Le ministre de l’Industrie des Petites et Moyennes Entreprises et de la Promotion du secteur privé était l’invité de Lynx fm la semaine dernière. Dans cette émission, Boubacar Barry alias  « Big Up » pour les intimes a évoqué la situation parfois désastreuse des unités industrielles visitées dans les régions de N’Zérékoré et de Kankan. Il a annoncé qu’à N’Zérékoré déjà, une unité a été fermée. Mais  ceci est-il suffisant pour sauver le secteur industriel guinéen miné par l’anarchie et la corruption ? C’est la question qui demeure en suspens. Lisez.

Vous revenez d’une tournée en Haute Guinée et en Guinée Forestière. Vous avez visité des industries. Quel est l’état des lieux ?

« Je rentre d’une mission qui m’a conduit en Guinée Forestière et en Haute Guinée. Je vais continuer ces jours-ci en Basse Côte et particulièrement à Conakry. La mission consiste à un état des lieus et l’ensemble des unités industrielles qui sont revenues dans le portefeuille de l’Etat. Ce n’est pas tout. Nous allons aussi profiter de l’occasion pour visiter les unités industrielles en cours de réalisations ou déjà réalisées par des promoteurs privés. L’opération consiste à voir et à identifier  les cités qui ont été retenues pour d’éventuelles zones industrielles à travers la Guinée.

L’état des lieux est là. Ce sont des unités qui se sont arrêtées, il y a très longtemps. Le gouvernement, à travers le ministre de l’Industrie et le ministère des Finances avec la direction nationale du portefeuille, a réfléchi à une stratégie devant permettre la relance de ces activités industrielles de ces unités. Cette relance s’appuiera certainement sur le volet que nous allons retenir par des partenariats publics et privés, ou par des partenariats privés. Mais avant la relance effective de ces processus, il était important d’aller faire le point, savoir quel est l’état. »

Dans quel état se trouve la conserverie de Mamou ?

« Vous savez que je n’ai pas besoin de passer par mille chemins pour expliquer ça.
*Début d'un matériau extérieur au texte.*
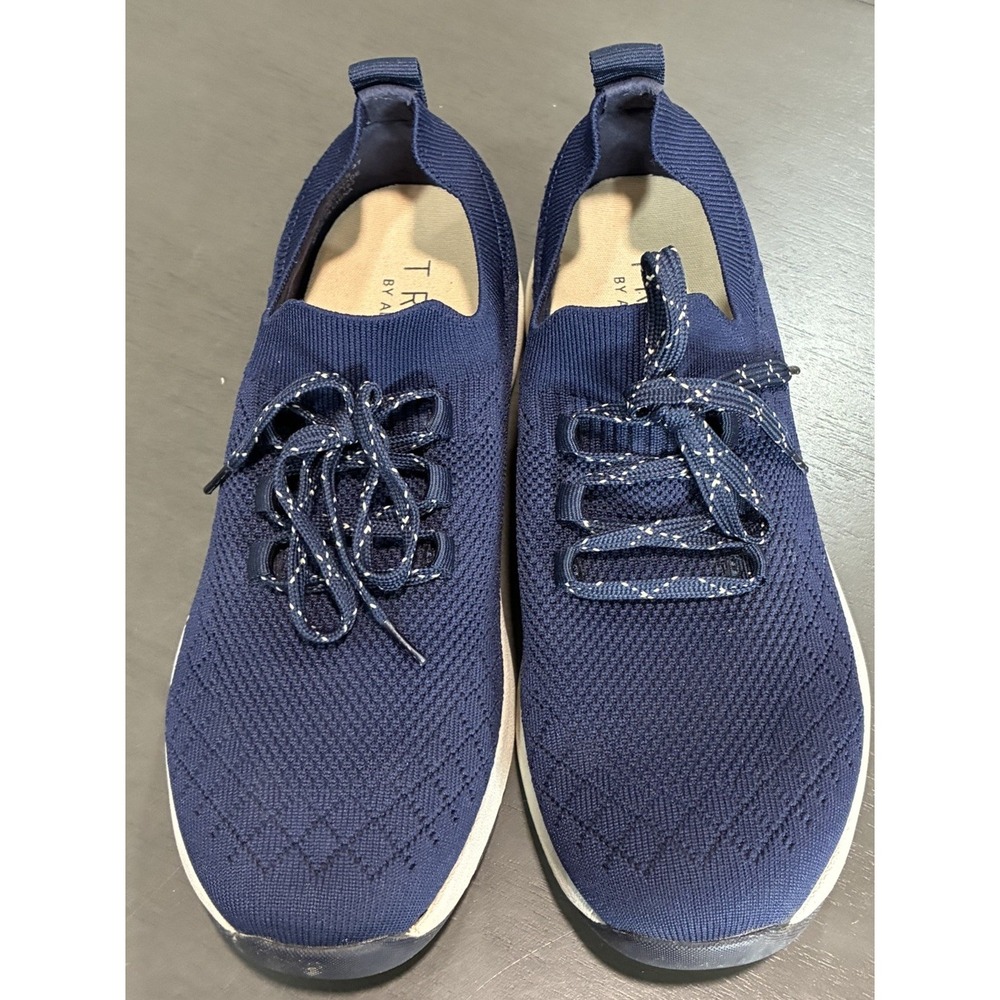 TRAQ by Alegria Lace-Up Knit Sneakers Navy Blue Women's Size 37 - Picture 2 of 8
Vous savez que ces unités industrielles sont à l’arrêt depuis de très longues années, la conserverie de Mamou spécifiquement. Heureusement, que la réserve foncière a été préservée. Les bâtiments avaient été très bien construits. Donc les bâtiments devant pouvoir accueillir les équipements techniques sont encore fonctionnels et sont en bon état. Aujourd’hui, ce sont les outils techniques qui sont complètements obsolètes et complètement usés qu’il faudrait  remplacer pour relancer cette unité industrielle.

A l’usine de Mamou, c’est le même constat. Le patrimoine foncier existe, le bâtiment existe et là également il faut moderniser les équipements. L’usine de Gari de Faranah là malheureusement  pratiquement plus rien n’existe. Il y a que la réserve foncière. Les bâtiments ont été vandalisés, les équipements ont été vandalisés. A Macenta, nous avons vu la scierie. Le bâtiment existe mais dont les unités techniques sont complètements vétustes. Nous avons vu l’usine de sciage qui pratiquement n’existe plus.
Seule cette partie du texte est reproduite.